Grannis certainly does have his detractors, and many feel that no drilling should be done. But working on tough regulation seems to be better answer than trying to stop what has already begun. We cannot afford to not have regulation that comes withe responsibility of tapping our natural resources. The interview is worth a read.

Nov 12 / pknot

Murphy Keeps Fighting

Congressman Patrick Murphy is not letting the election slow him down. He’s fighting to insure that Congress repeals the military’s “Don’t Ask, Don’t Tell” policy.

The House passed legislation to repeal the policy in May. Should the Senate fail to pass the measure this year, the House would need a new primary sponsor as Murphy was defeated in the midterm election by Republican Mike Fitzpatrick.

Rick Jacobs, founder and chairman of the Courage Campaign, said Thursday that 5,000 people signed the petition in 24 hours.

“Our job is to highlight with Patrick Murphy what veterans and families of active duty are saying, and to make sure the Senate understands it is out of step with Americans if it doesn’t lift the ban,” Jacobs said.

According to a survey of U.S. troops and their families, Jacobs may be right.

A Pentagon study group has concluded the military can lift the ban on gays serving openly in uniform with only minimal and isolated incidents of risk to the current war efforts, The Washington Post reported Wednesday.

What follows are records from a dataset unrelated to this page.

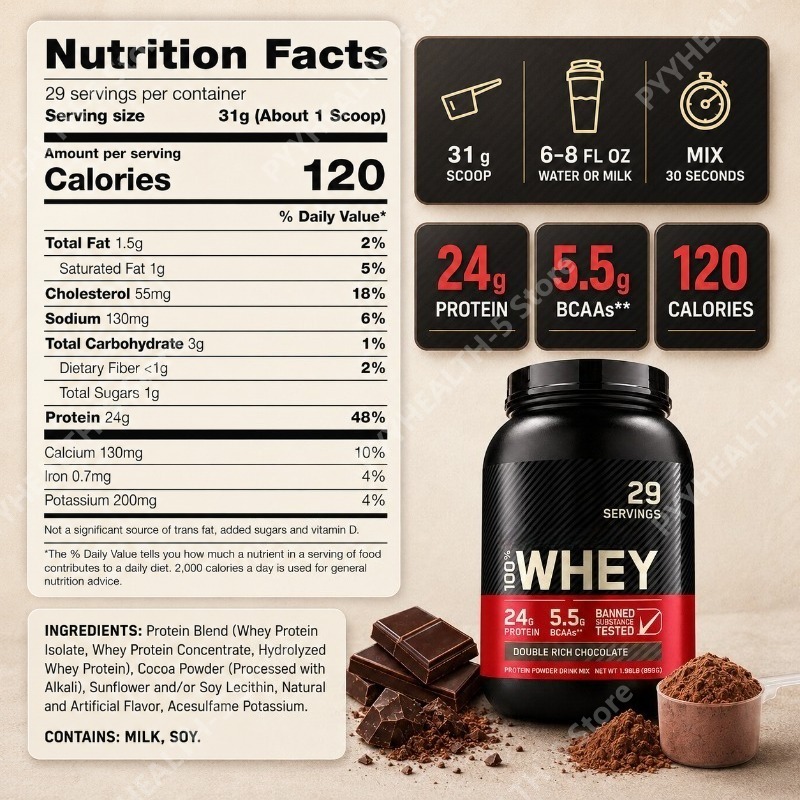 유청 단백질 파우더 더블 리치 초콜릿 24g 단백질 근 - Fitness Nutrition Whey Protein 리뷰 및 가격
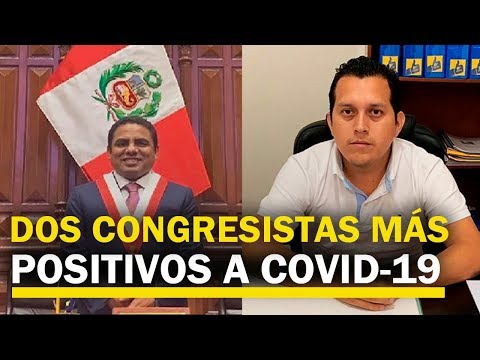 Aron Espinoza y José Luna, congresistas Podemos Perú, dieron positivo a coronavirus
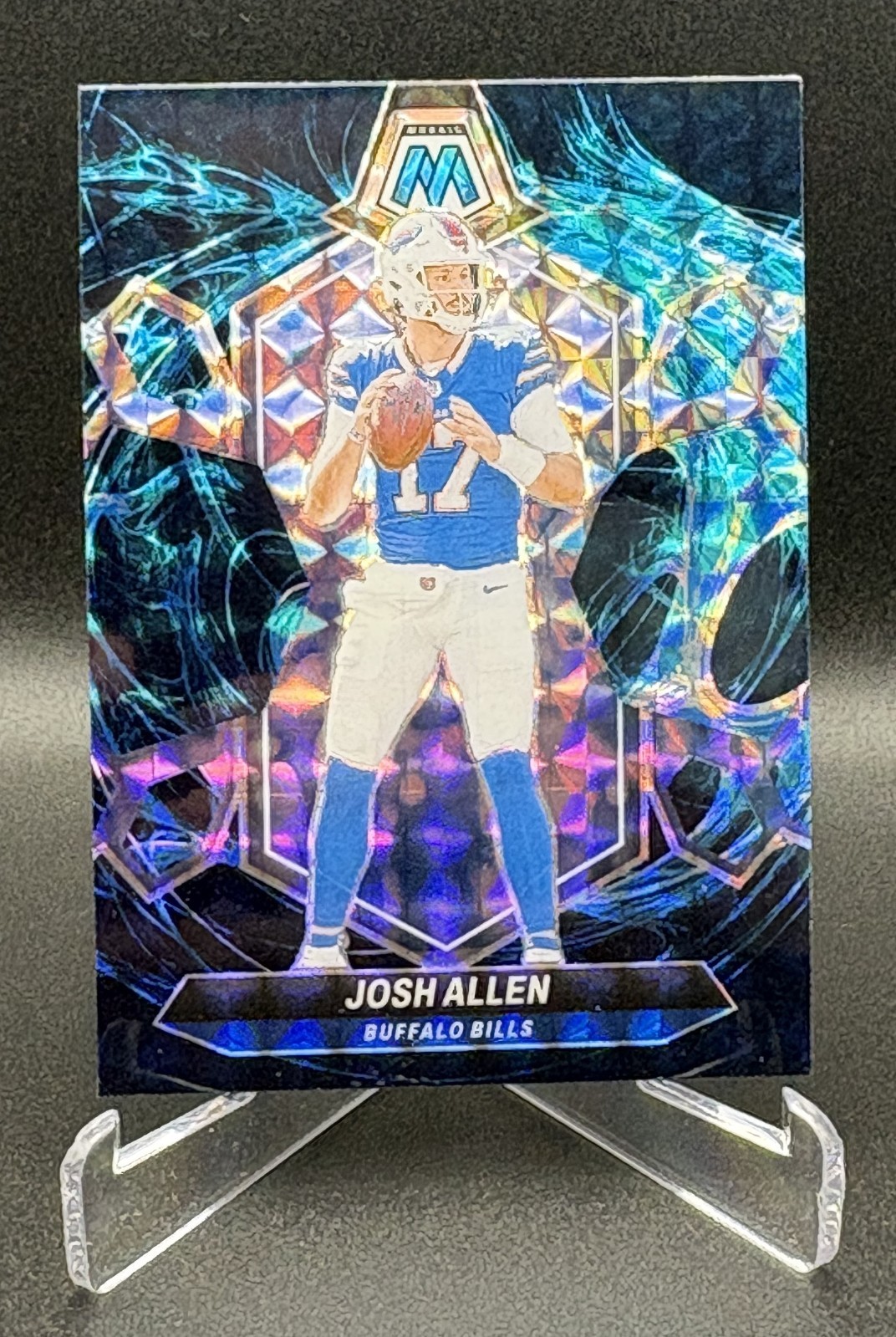 2024 Panini Mosaic Josh Allen #22 Genesis Mosaic Prizm Case Hit MVP Bills SSP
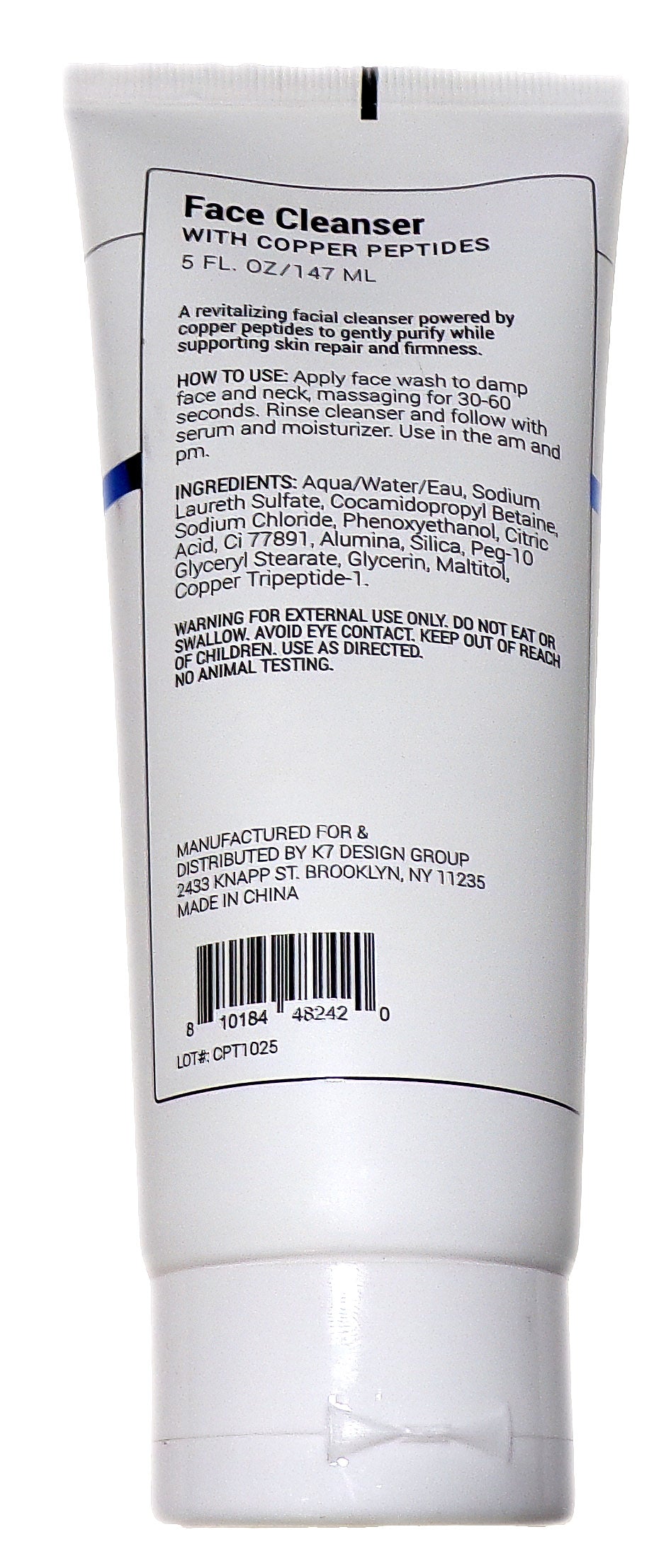 ReviveRx Face Cleanser, Elixir, Face Neck with Copper Peptides (Set of 3)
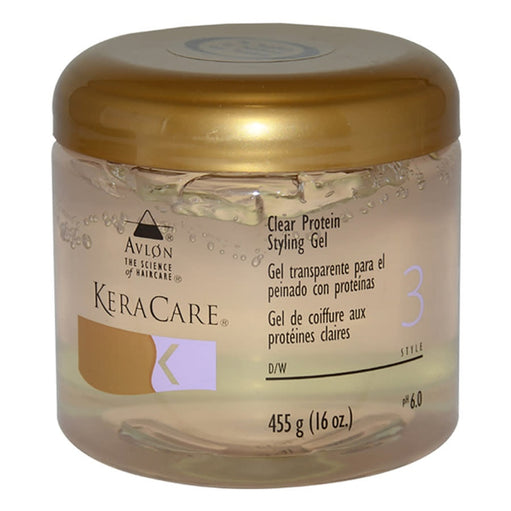 KeraCare Protein Styling Gel Clear 16oz - image 1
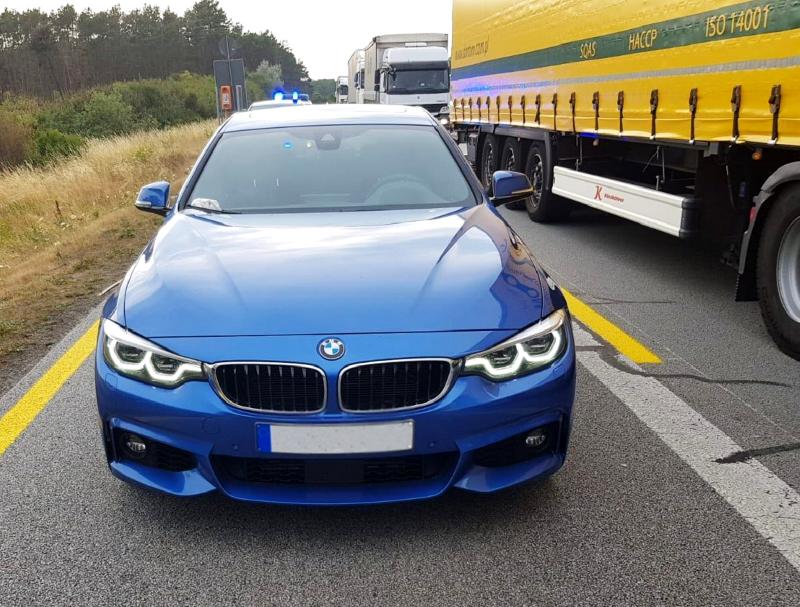 Autodieb vorläufig festgenommen  gestohlenen BMW sichergestellt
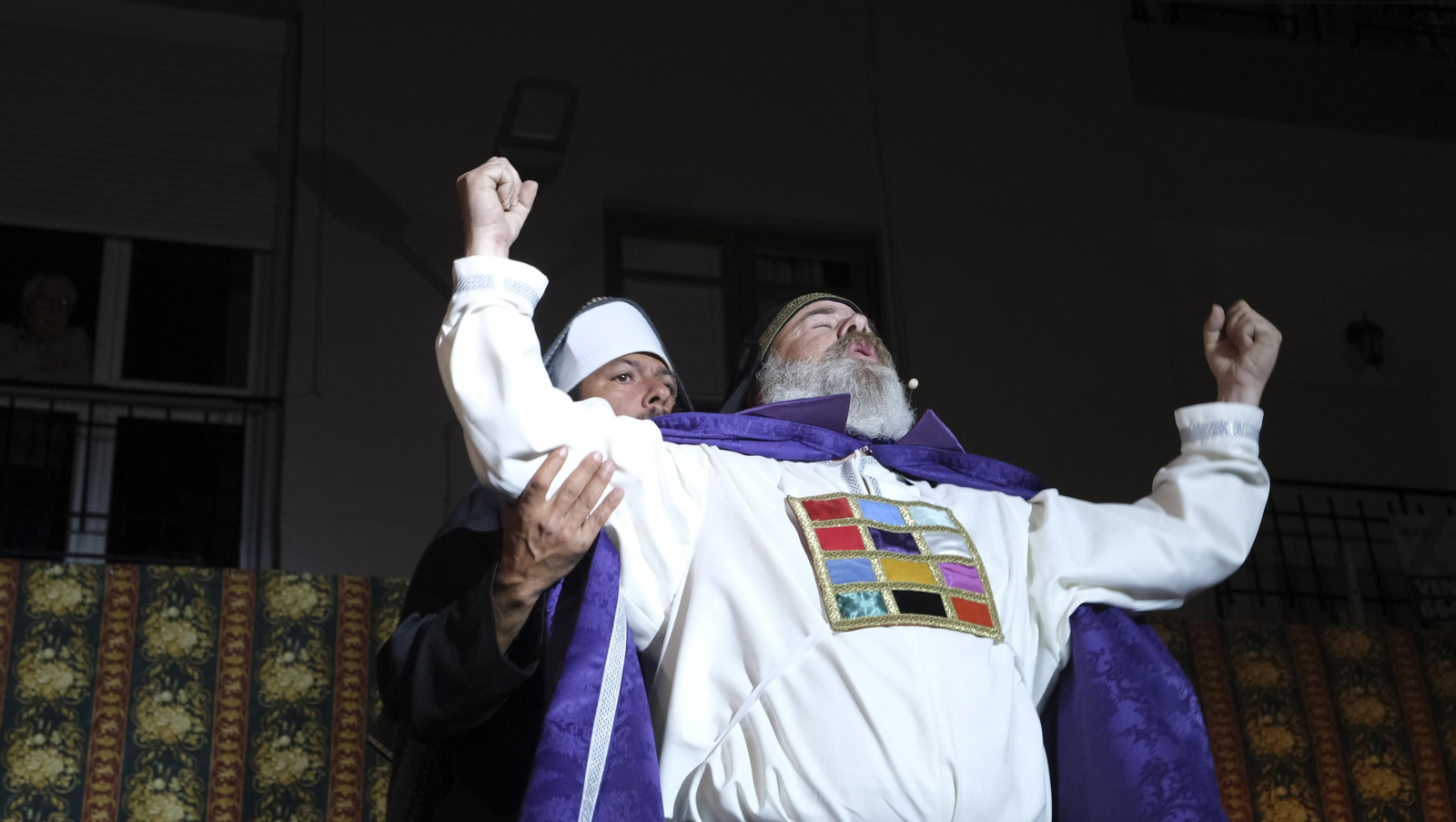 Imágenes de la Pasión Viviente en la Semana Santa de Gádor 2023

More than 70 percent of respondents to a survey sent to active-duty and reserve troops over the summer said the effect of repeal would be positive, mixed or nonexistent.

“That report is very significant,” Jacobs said. “It’s almost as if a minority in the Senate is trying to create an obstacle for America itself or American security. There’s no reason politically or militarily not to lift the ban. Virtually everyone in the country is in favor of lifting the ban.”

In an e-mail, Murphy stated, “We can do this, but we need Senate Republicans to do the right thing. Secretary (of Defense Robert) Gates, the Department of Defense report, and the recent survey of servicemembers confirms what I have said for years, which is that the time has come to repeal this outdated policy that harms national security and wastes taxpayer dollars. Twenty-six other nations, including Israel and Great Britain, allow their troops to serve openly and I hope the Republicans show that they agree that our troops are just as professional as any other and join me in supporting repeal.”

Fighting for what you believe in, for the right thing, even after you lost the election is a sign of true character. Here’s hoping our next Congressman can measure up.

Nov 10 / dleopold

Palin Gets It Wrong…Again

You betcha Sarah Palin was in town on Tuesday. In times of immense change it is good to know that we can count on some things remaining the same, and Palin attacking a strawman is one of those things we can count on. Politico reports:

Sarah Palin used baked goods Tuesday night to attack the “nanny state.”

Palin brought dozens of cookies to a speech at the Plumstead Christian School in Plumsteadville, Pa., amid news reports — since retracted — that Pennsylvania’s State Board of Education is looking at ways to limit sweets at classroom parties.

Palin called the plan an example of the “nanny state run amok” and said that she brought the cookies in order to “shake things up,” according to news outlets including WPVI-TV.

“I heard that there’s a debate going on in Pennsylvania over whether public schools were going to ban sweets,” Palin said. “I wanted these kids to bring home the idea to their parents for discussion. Who should be deciding what I eat? Should it be government or should it be parents? It should be the parents.”

Rest assured parents, there are no plans to ban sweets from classroom parties. The newspaper that made the claim is the right-wing Pittsburgh Tribune-Review and even they retracted the allegation.